Pollution control -- long an issue in developed economies such as the United States -- is becoming more important even in emerging markets that are trying to upgrade their manufacturing industries. In China, for instance, Sinclair said that 25 percent of deaths that are not from natural causes are related to lung problems -- suggesting that the environment needs improvement.
EEC owes its genesis to Koppers Co., the Pittsburgh-based industrial company, became a separate division in the 1970s and was taken private as a separate company by management in 1983. The firm went public in 1990 but has struggled in recent years because of high costs and a strategy that lacked focus.
After several restructurings -- which slashed the work force from 400 to about 150 people now -- and a strategy that focused on specific geographic markets and niches, the company has reported seven consecutive quarters of positive operating income and its executives believe the turnaround is finally at hand.
EEC shares closed yesterday at $2.625, up 18.75 cents each.
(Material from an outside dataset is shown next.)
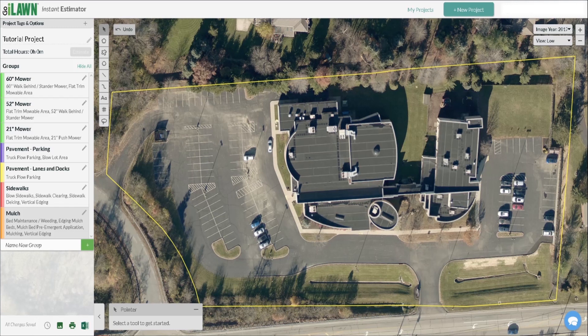Hello and welcome to the new Go Ilon Instant Estimator. In this short tutorial video we're going to be going over the basics on how to create an estimate from beginning to end on a new project, as well as some of the features and principles behind the estimator.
It has closed as low as $2.4375 and as high as $6.875 in the past 52 weeks. The stock traded for more than $20 in 1990.
Sinclair said EEC is looking for a joint-venture partner with domestic and international muscle that would be willing to infuse working capital needed to fuel growth and lend some marketing firepower -- while allowing the Baltimore company to maintain its independence.
For the six months that ended Sept. 30, EEC said it earned $553,000 or 8 cents per share, compared with $42,000, or a penny a share, in the year before. Revenue for the six months rose 47 percent to $37.3 million from $25.4 million a year ago.
In addition to good growth in a couple of key markets, EEC has managed to control costs, making sure that overhead costs -- about 10 percent of sales -- grow at a rate that is less than the growth rate for sales, Sinclair said.
The order backlog -- business in the pipeline that is one measure of the health of a company -- grew 27 percent to $50 million compared with $37.3 million a year ago.
However, new orders decreased 70 percent during the quarter to $5.4 million, from $17.7 million a year ago. Sinclair said that was a troubling trend, but noted that the company is not ready to hit the panic button yet: EEC is still quoting a lot of business even though orders in the important power plant and waste-to-energy generator markets have been "soft," according to E. H. Verdery, chairman and chief executive officer.
"We are encouraged by our quotation activity and expect improvement during the second half of the year," Verdery said in a statement.